Prototype finished.

# Topic Prototyping

Prototype code for Topic Modeling of Posts. Objective is to assign topics of the most promising model to the Posts.

In [1]:
import os, sys
sys.path.append("..")
from config import credentials
import dropbox

import numpy as np
import pandas as pd

from joblib import dump, load
import warnings
warnings.filterwarnings("ignore", category=DeprecationWarning)

In [2]:
random_state = 23

## Loading

In [3]:
data_path = "/Data/CSVData"
model_path = "../models"

In [4]:
team_dbx = dropbox.DropboxTeam(credentials.dropbox_team_access_token)
team_root = team_dbx.with_path_root(dropbox.common.PathRoot.namespace_id(
    credentials.dropbox_team_namespace_id))
user_dbx = team_root.as_user(credentials.dropbox_team_member_id)

posts_fpath = os.path.join(data_path, "PolPosts.csv")

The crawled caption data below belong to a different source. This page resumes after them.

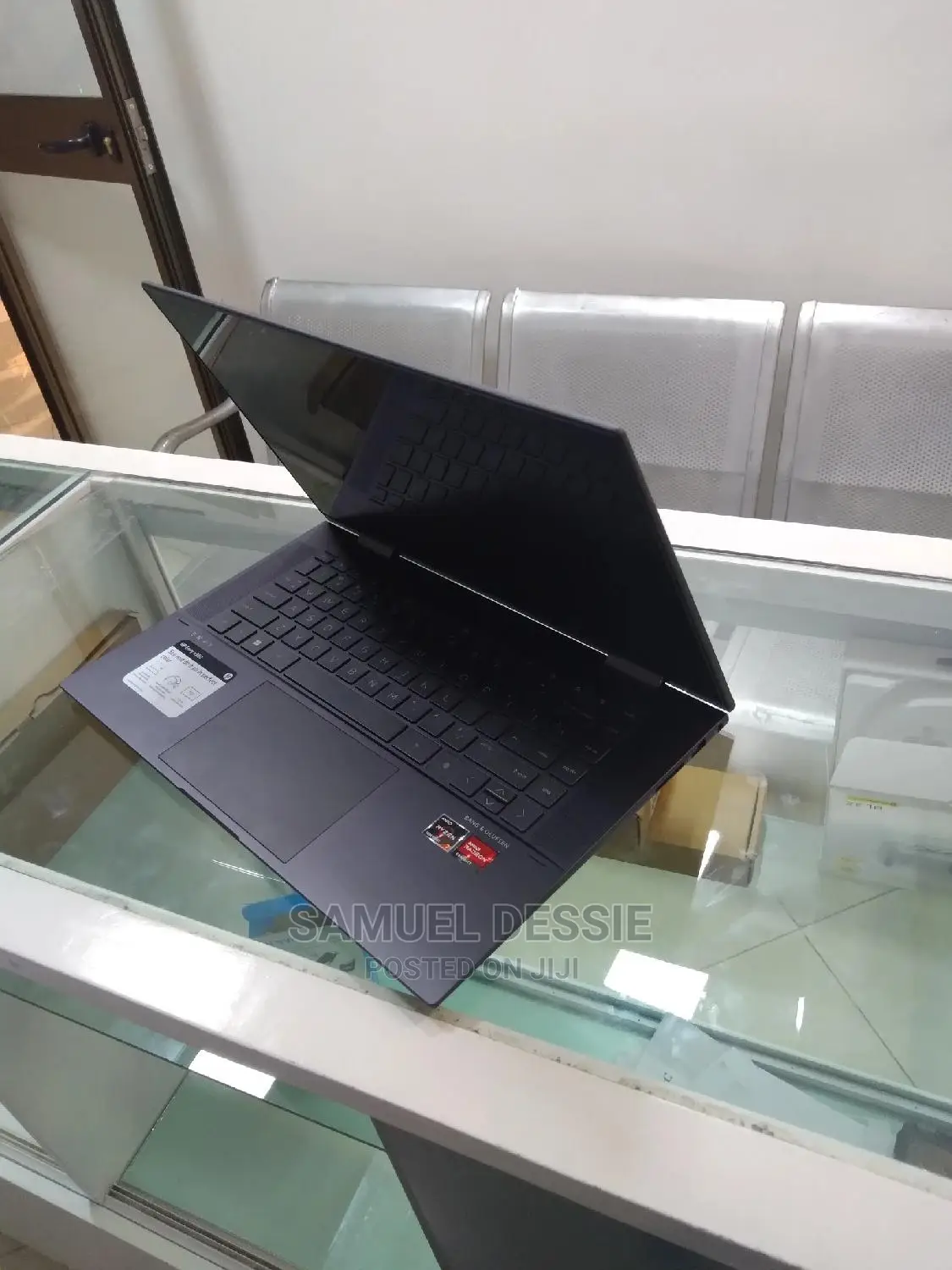 New Laptop HP Envy X360 16GB AMD Ryzen 7 SSD 512GB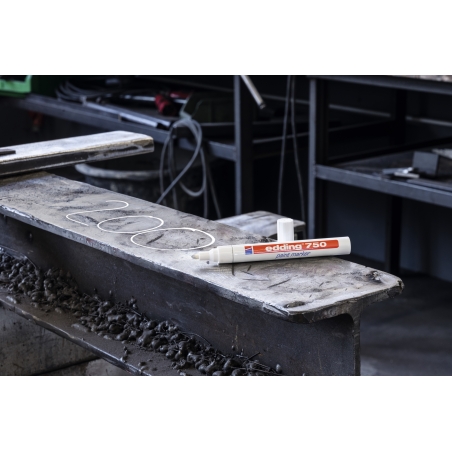 Paint marker E-750 2-4mm Edding srebrna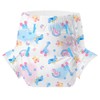 CutiePlusU Adult Nappies, Pack of 2, Disposable Incontinence Briefs with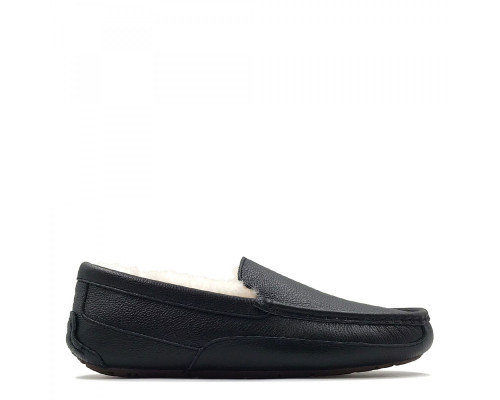 UGG Mens Ascot Metallic Black
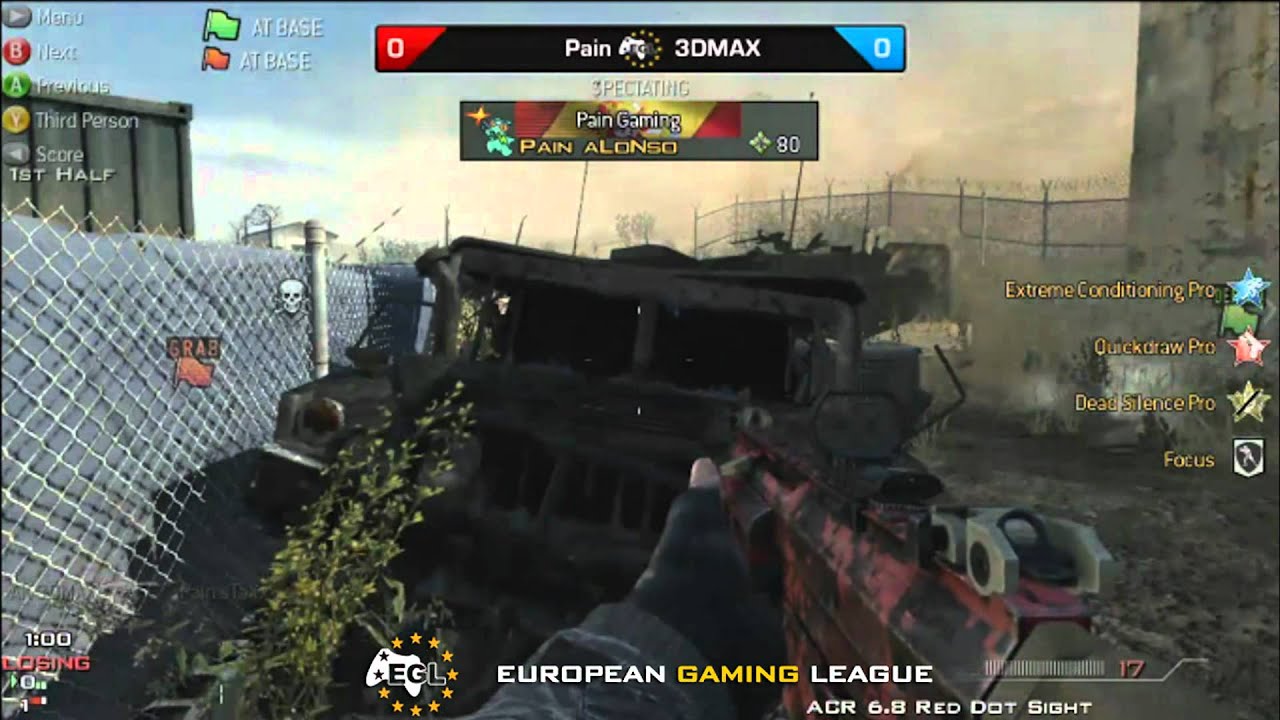 [Stream] EGL5 | 3DMAX vs Pain Gaming | 1st map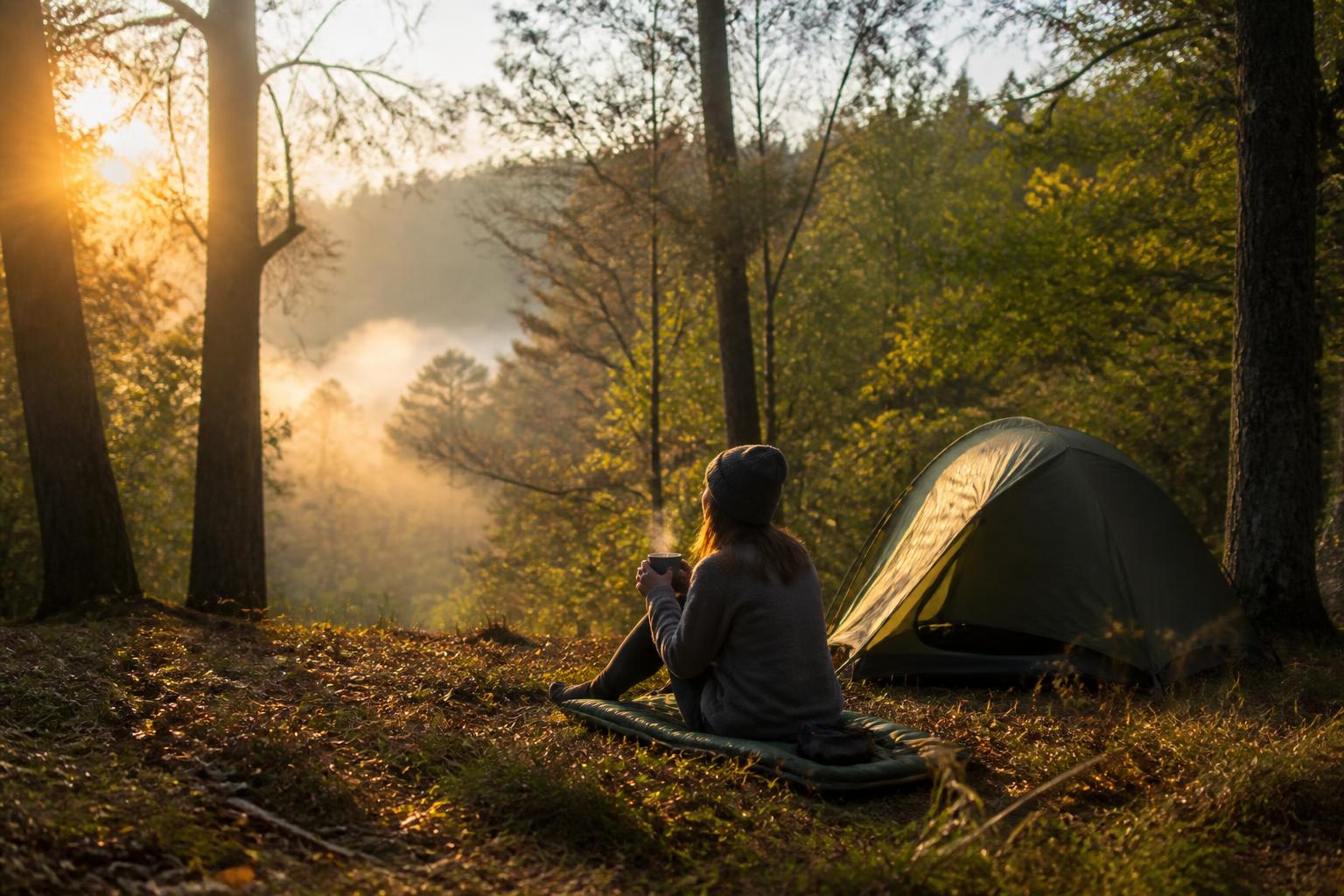 Petit-déjeuner en bivouac : chaud, rapide, et sans vaisselle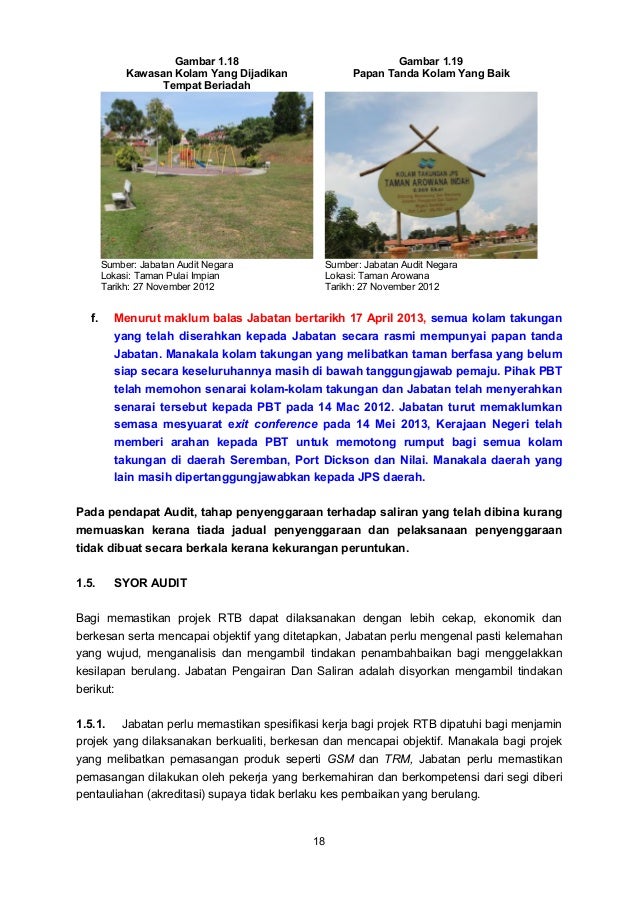 Laporan Ketua Audit Negara 2012 Negeri Sembilan Siri 3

_, res = user_dbx.files_download(posts_fpath)
raw_posts = pd.read_csv(res.raw)
print("Posts", raw_posts.shape)

Posts (27204, 23)


## Preprocessing

Dataset cleansing

In [5]:
# Remove unnecessary cols and rename them uniformly
posts_cols = raw_posts.columns.to_list()
posts_cols.remove("text")
posts_cols.remove("textID") # keep these cols
raw_posts.drop(posts_cols, axis=1, inplace=True)
raw_posts.columns = ["text", "textID"]

corpus = raw_posts.copy()

# Remove empty texts
corpus.text.replace("", np.nan, inplace=True)
corpus.dropna(subset=["text"], inplace=True)
corpus = corpus[~corpus.text.str.isspace()]

# Remove duplicated texts
corpus.drop_duplicates(subset=["text"], keep="first", inplace=True)

corpus.shape

(22534, 2)

## Topic Assignment

TFIDF + LDA

In [6]:
data = corpus.copy()

### Vectorizer

In [7]:
tfidf = load(os.path.join(model_path, "topic_vectorizer", "tfidf.joblib"))
tfidf_v = load(os.path.join(model_path, "topic_vectorizer", "tfidf_v.joblib"))

In [8]:
len(tfidf.vocabulary_)

40000

### Model

In [None]:
model = load(os.path.join(model_path, "topic_lda", "lda_40.joblib"))   

# Transform
doc_topic_distr = model.transform(tfidf_v)

### Assign Topics

In [None]:
data["topic_distribution"] = doc_topic_distr.tolist()
data["topic"] = doc_topic_distr.argmax(axis=1)

### Persist Table

In [None]:
persist_fpath = os.path.join(data_path, "topics", "topics_n40.csv")
user_dbx.files_upload(bytes(data.to_csv(index=False), "utf-8"),
                      persist_fpath, mode=dropbox.files.WriteMode.overwrite)

# Conclusion

Topics of the trained model has been successfully assigned to Posts. Prototype can be scriptified.